(MATERIAL FOR THE TASK begins)

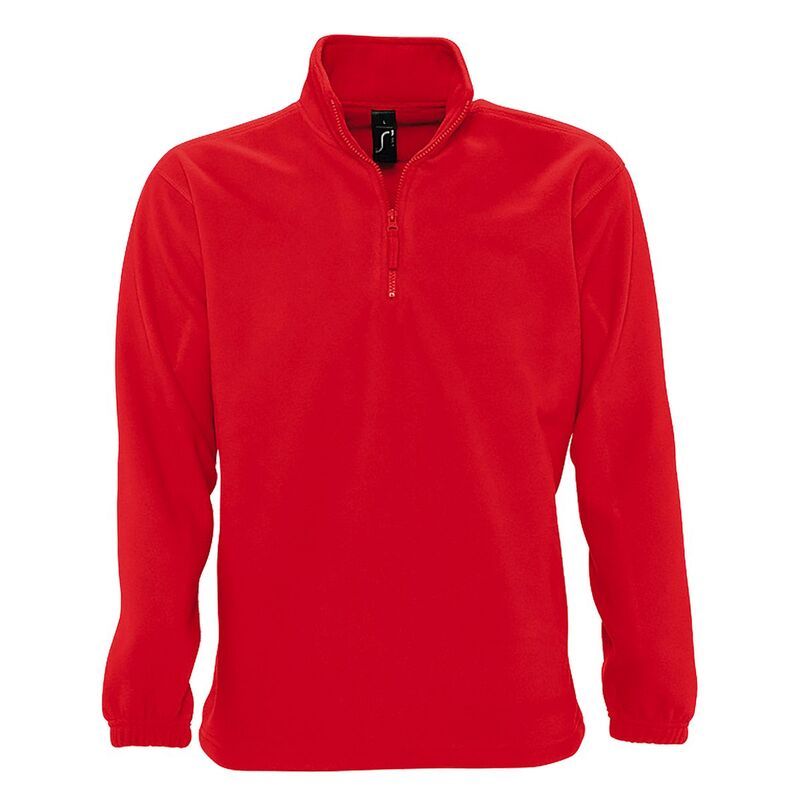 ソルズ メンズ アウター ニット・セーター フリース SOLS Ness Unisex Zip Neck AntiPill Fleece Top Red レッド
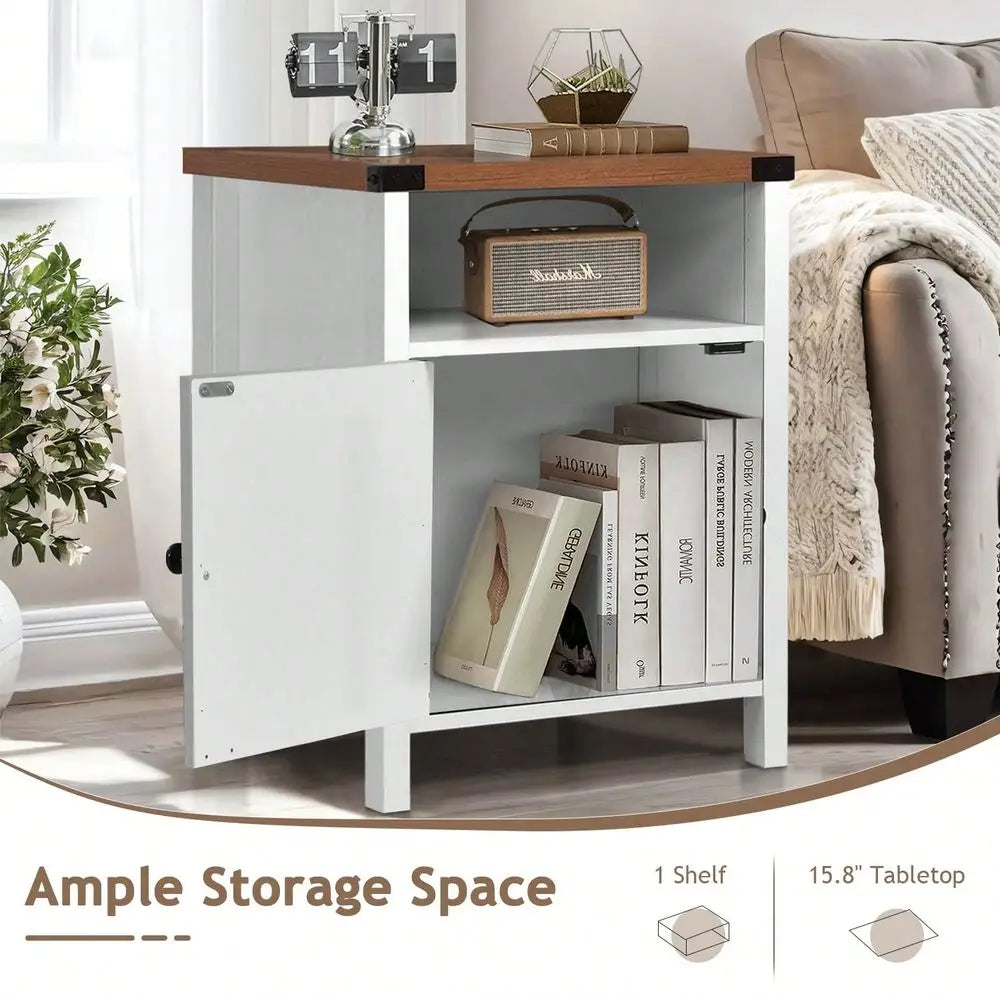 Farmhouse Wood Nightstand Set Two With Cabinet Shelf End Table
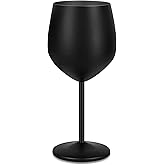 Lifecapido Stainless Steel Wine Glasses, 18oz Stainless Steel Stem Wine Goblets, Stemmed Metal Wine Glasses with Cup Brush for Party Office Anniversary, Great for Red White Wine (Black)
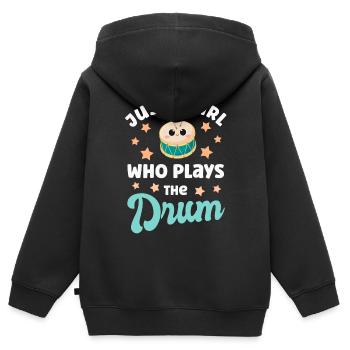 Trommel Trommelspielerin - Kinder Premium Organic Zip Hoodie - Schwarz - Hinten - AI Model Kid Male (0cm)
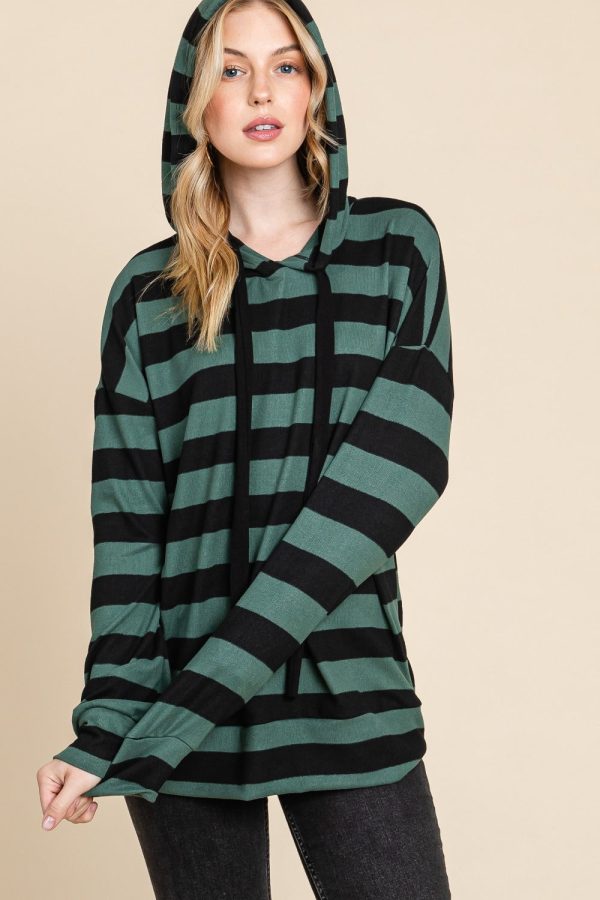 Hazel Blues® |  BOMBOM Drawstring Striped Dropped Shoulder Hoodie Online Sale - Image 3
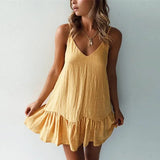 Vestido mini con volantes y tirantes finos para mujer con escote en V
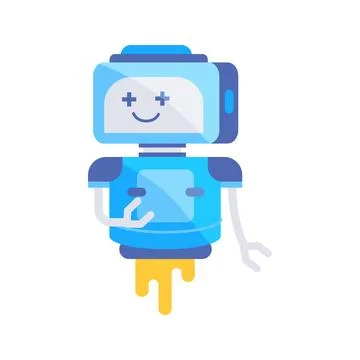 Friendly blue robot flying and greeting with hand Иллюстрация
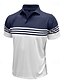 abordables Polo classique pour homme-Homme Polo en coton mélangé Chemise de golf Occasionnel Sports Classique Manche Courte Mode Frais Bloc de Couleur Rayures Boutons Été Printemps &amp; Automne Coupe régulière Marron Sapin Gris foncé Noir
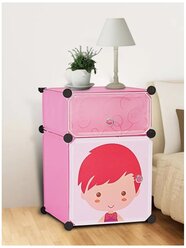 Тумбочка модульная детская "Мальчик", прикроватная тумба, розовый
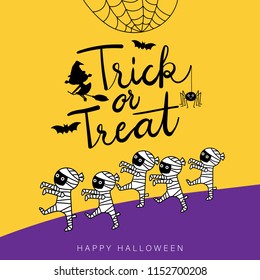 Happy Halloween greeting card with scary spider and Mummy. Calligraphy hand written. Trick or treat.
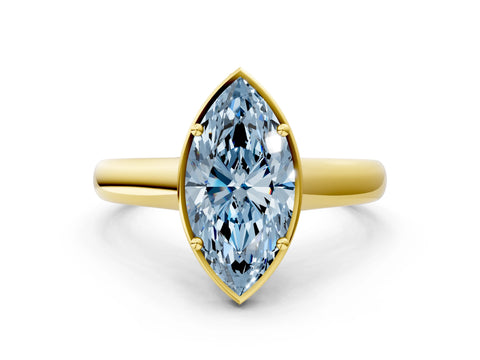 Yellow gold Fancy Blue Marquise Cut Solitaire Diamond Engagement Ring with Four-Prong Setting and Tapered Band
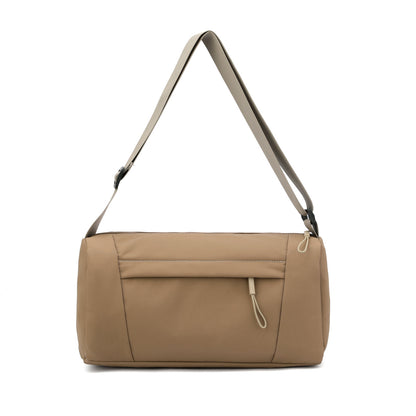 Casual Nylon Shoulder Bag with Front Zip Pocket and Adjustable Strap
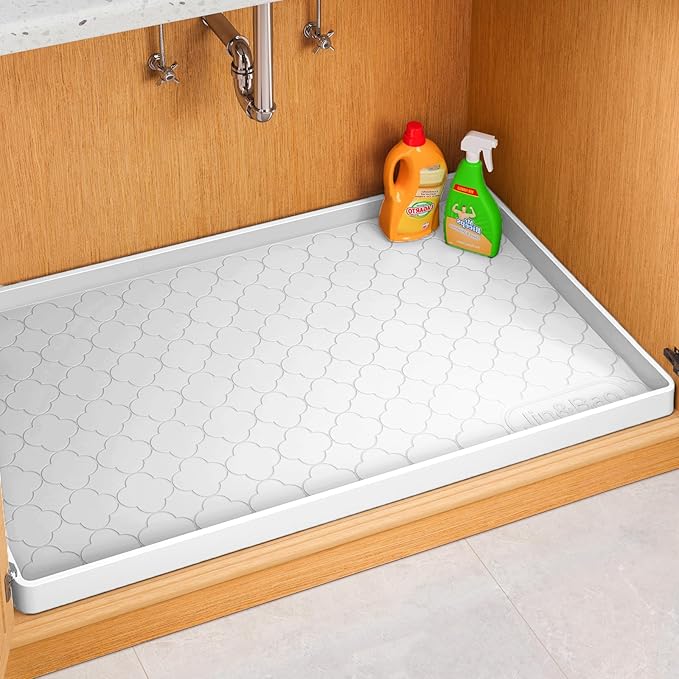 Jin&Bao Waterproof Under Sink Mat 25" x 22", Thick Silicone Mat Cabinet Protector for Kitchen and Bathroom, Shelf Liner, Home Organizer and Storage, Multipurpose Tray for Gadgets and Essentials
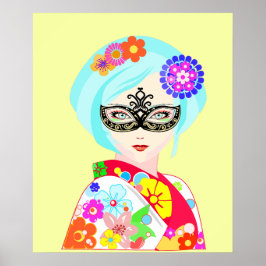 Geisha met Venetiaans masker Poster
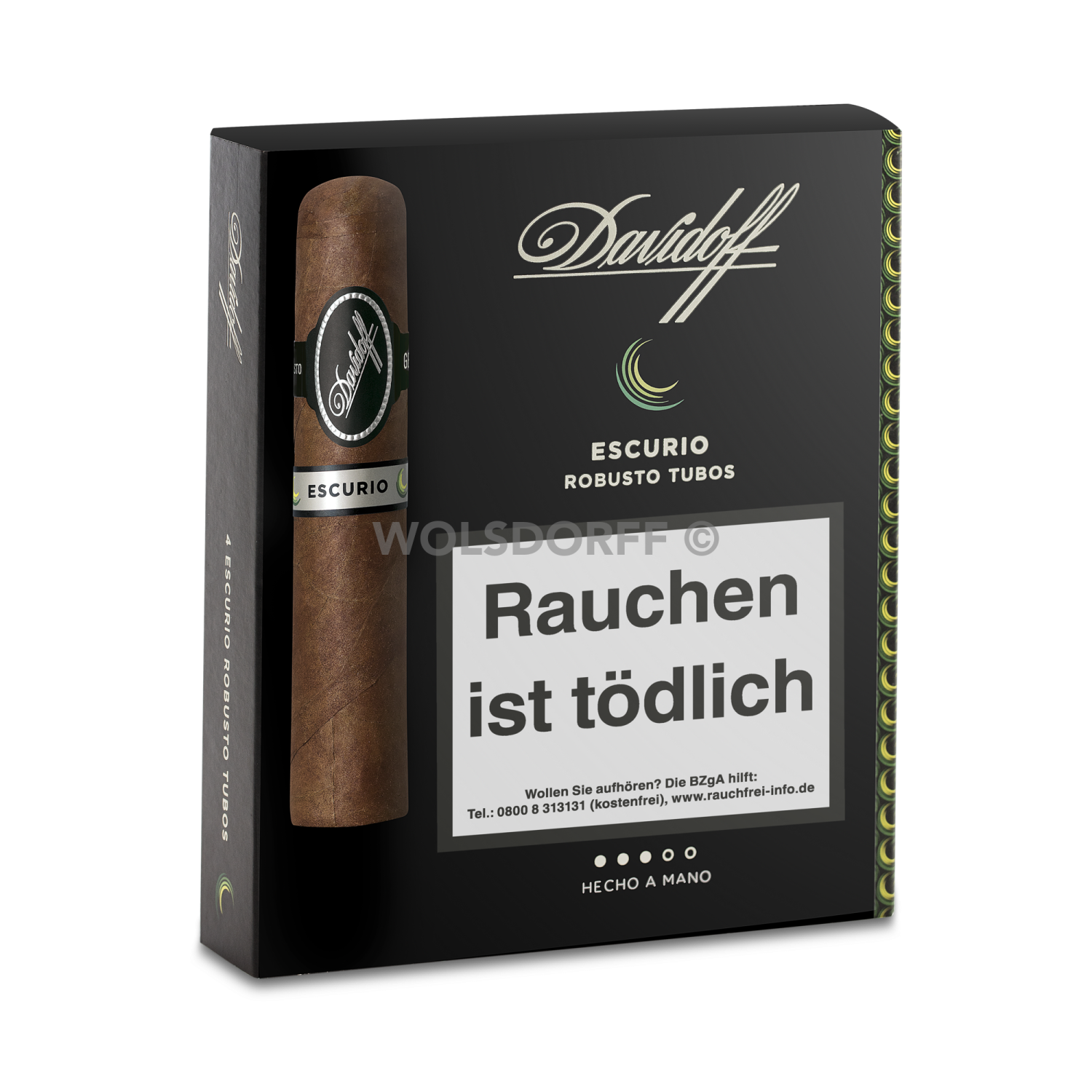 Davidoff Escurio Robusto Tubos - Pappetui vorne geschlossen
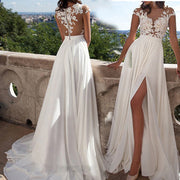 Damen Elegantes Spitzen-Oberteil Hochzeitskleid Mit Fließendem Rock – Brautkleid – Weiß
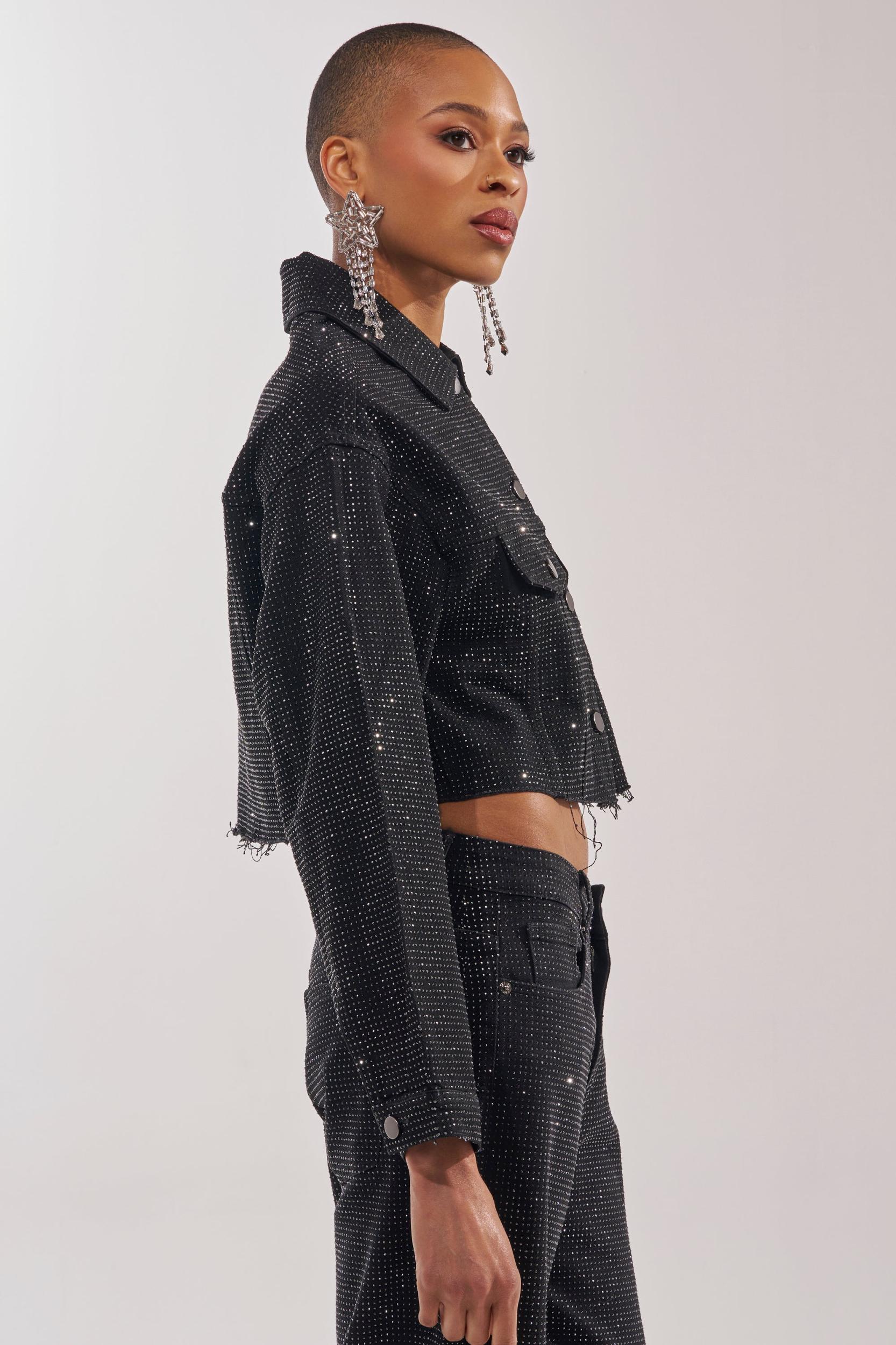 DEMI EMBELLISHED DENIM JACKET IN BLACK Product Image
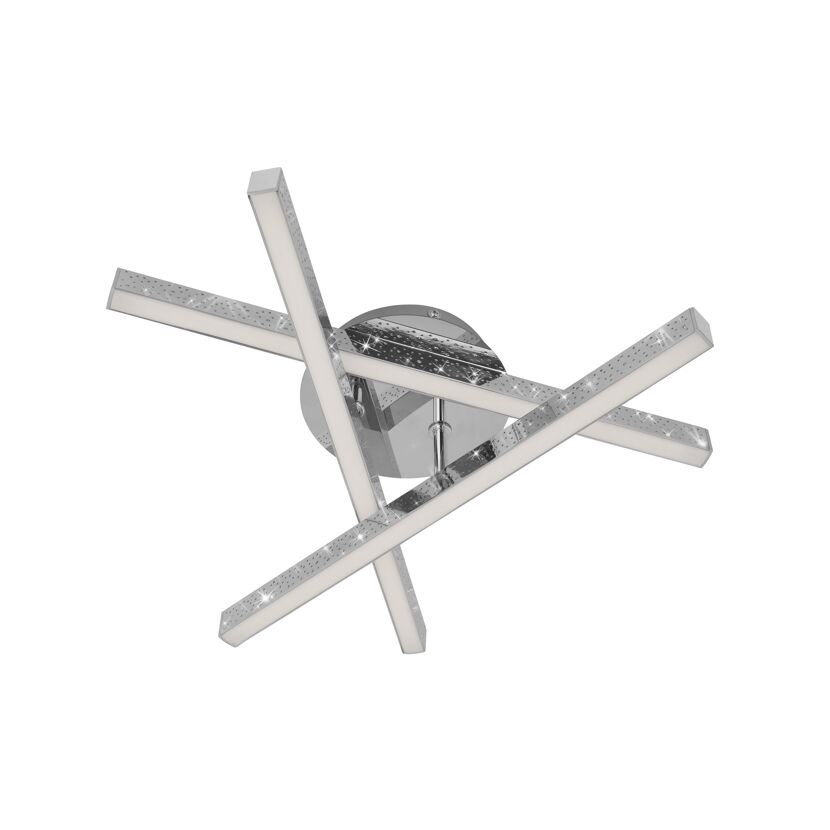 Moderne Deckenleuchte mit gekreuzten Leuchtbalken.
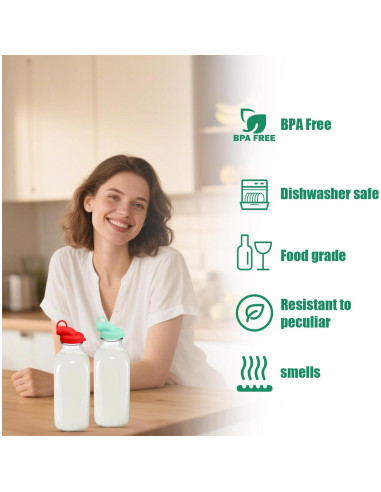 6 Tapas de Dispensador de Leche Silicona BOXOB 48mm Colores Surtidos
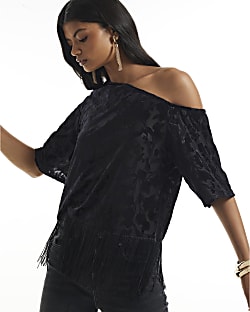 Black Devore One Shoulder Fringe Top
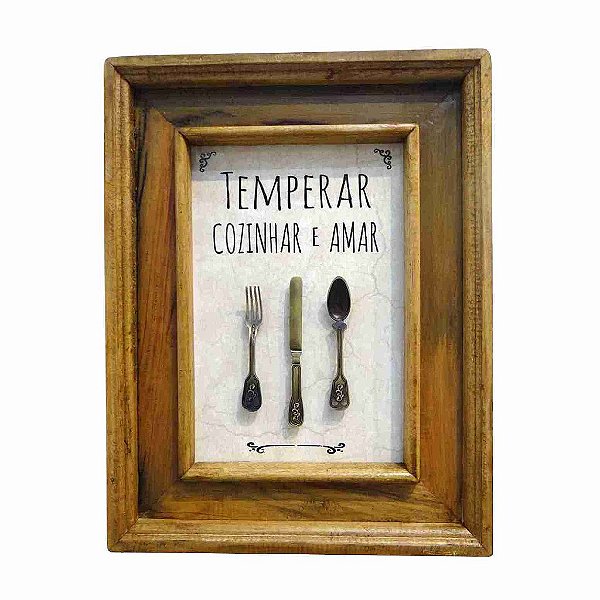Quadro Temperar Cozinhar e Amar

(MATERIAL FOR THE TASK ends)

From the records above, transcribe exactly the lines starting at the one containing "Geisha met Venetiaans masker Poster" and ending at the one containing "Black Devore One Shoulder Fringe Top". Skip the pictures.

* _SOLUTION FOR THIS PROBLEM_
 Geisha met Venetiaans masker Poster
 Davidoff Escurio Robusto Tubos - Pappetui vorne geschlossen
 Damen Elegantes Spitzen-Oberteil Hochzeitskleid Mit Fließendem Rock – Brautkleid – Weiß
 DEMI EMBELLISHED DENIM JACKET IN BLACK Product Image
 Moderne Deckenleuchte mit gekreuzten Leuchtbalken.
 6 Tapas de Dispensador de Leche Silicona BOXOB 48mm Colores Surtidos
 Black Devore One Shoulder Fringe Top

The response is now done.